In today's issue of The Daily, Statistics Canada has released a terrific study titled "The Role of Natural Resources in Real Income Growth". The paper's authors are John Baldwin and (former UVic. grad. student) Ryan McDonald. (H.T. to Ryan for bringing this to my attention.)
The study itself is extremely comprehensive, and provides some interesting new results about long-term economic growth in Canada. You can download the pdf version from here.
"This study compared the growth in real GDP per capita with real GNI per capita between 1870 and 2010. During this period, a succession of natural resource products supported economic development and long-term increases in the terms of trade.
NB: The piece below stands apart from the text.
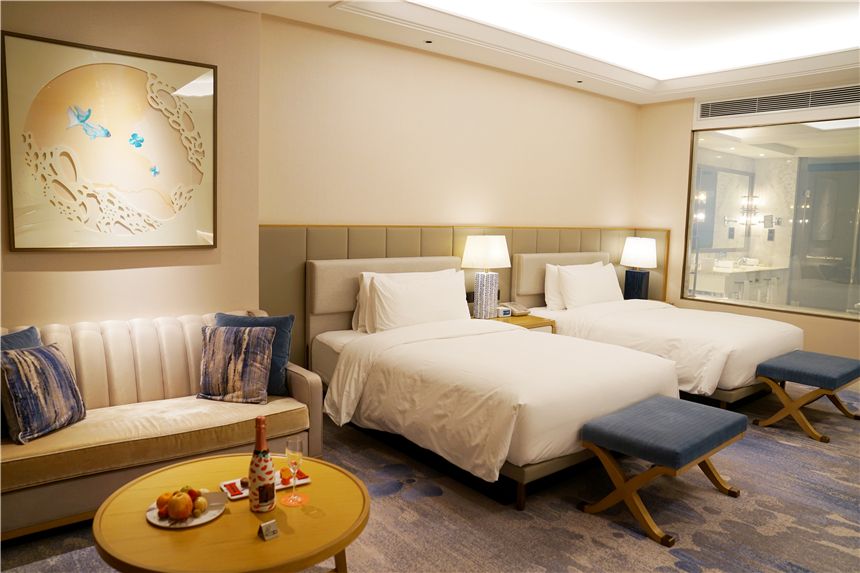 苏州东太湖游玩攻略图,苏州东太湖边旅游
According to the study, real GDP and real GNI have shown different pictures of economic growth in Canada during particular periods because of the effect of resource price cycles. For example, between 2002 and 2007, real GNI per capita increased at an annual average rate of 3.1%, nearly double the 1.6% annual rate in GDP per capita.
This study also showed that although the terms of trade had cycles, there was a long-run upward trend. While increases in terms of trade were followed by decreases, the decreases were not sufficiently large to fully undo the effect of most of the gains. By 2010, this had generated a cumulative increase in the terms of trade of more than 90%. As a result, between 1870 and 2010, real GDP per capita grew at 1.87% per year, 0.12 percentage points slower than the 1.99% growth in real GNI per capita."
What's also really exciting (from my perspective) is that all of the data, for the period 1870 to 2010, can be downloaded free of charge from CANSIM . See Tables 383-0027 and 383-0028. (Choose Add/Remove Data, and then select the longest time-period.)
I've loaded the data into EViews and I'll be playing around with the series over the next few days - between grading exams!